LINEAR_LAB


http://people.sc.fsu.edu/~jburkardt/public_html/r_src/linear_lab/linear_lab.html

linear lab, an R lab project which searches for linear relationships between pairs of data.

Licensing:

The computer code and data files on this web page are distributed under the MIT license

1: The Taxicab Fare Data:

Copy the data file tally_cab.csv, which is a "CSV" (comma separated variable) file, with a header, containing a table of several taxicab rides, including the miles traveled and the fare charged. In part 1 of this lab, you will read this data into R, plot it, and then try to establish a relationship between the miles traveled and the fare paid.

1.1) Use the read.csv() command to read the taxicab data from the file 'tally_cab.csv', storing it in a variable.
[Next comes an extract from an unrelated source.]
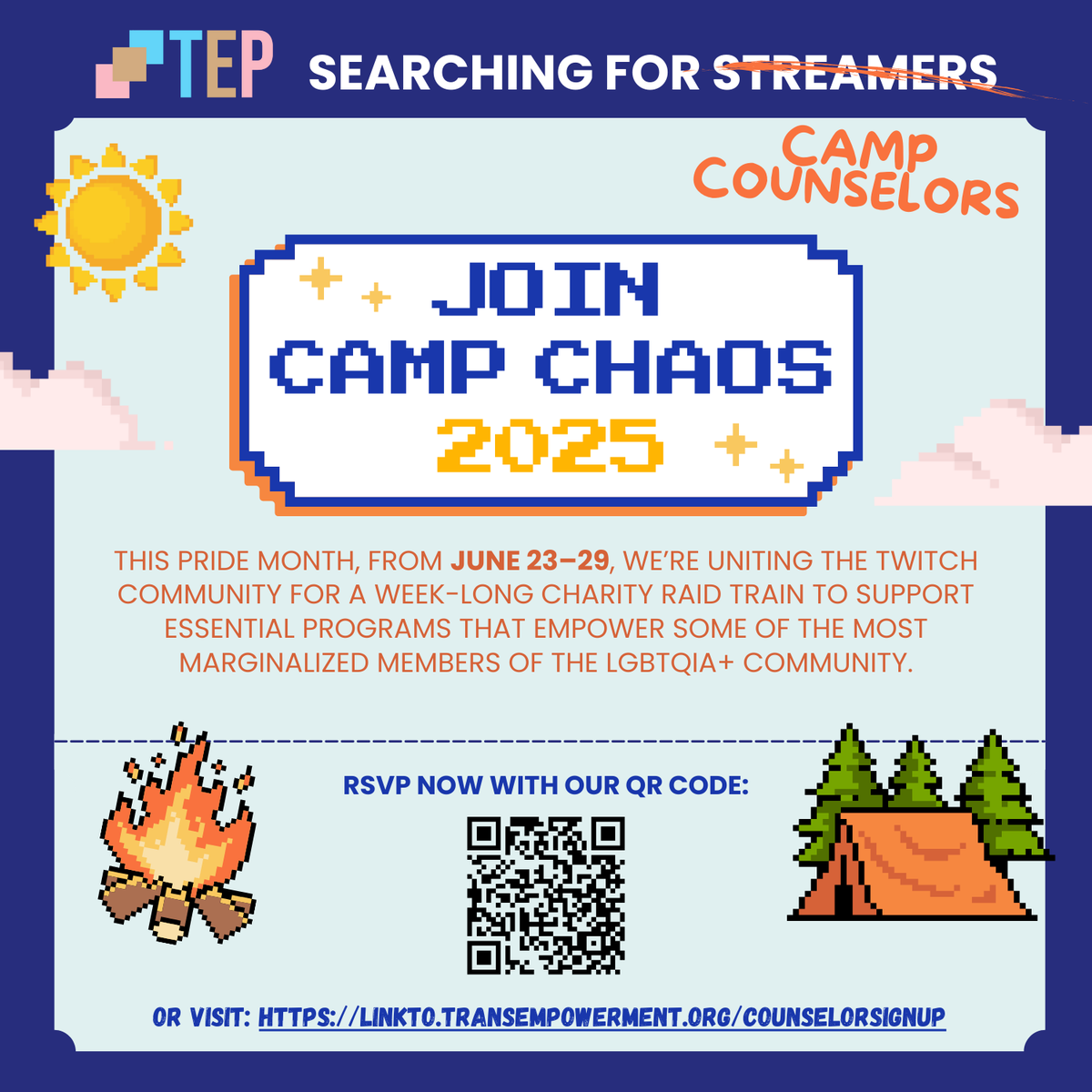 trans_empowered's tweet photo. Get ready for Camp Chaos, an exciting 7-day Twitch charity raid train happening from June 23–29! Join us in using our influence for good and celebrating trans joy, while reclaiming our power together!
#campchaos #charityraidtrain https://t.co/n31hr4H0Km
We suggest using the name taxi for this variable.

1.2) Use the print() statement to print a listing of taxi, which will include a header line with labels distance and fare, followed by 8 numbered lines of data. Each column of the data can be identified by its header. For instance, the first column has the name taxi$distance. Use the print() command again, but this time only print taxi$distance.

1.3) Use the plot() command to display the taxi data. This should produce a graphical image in which each data value appears as a small circle.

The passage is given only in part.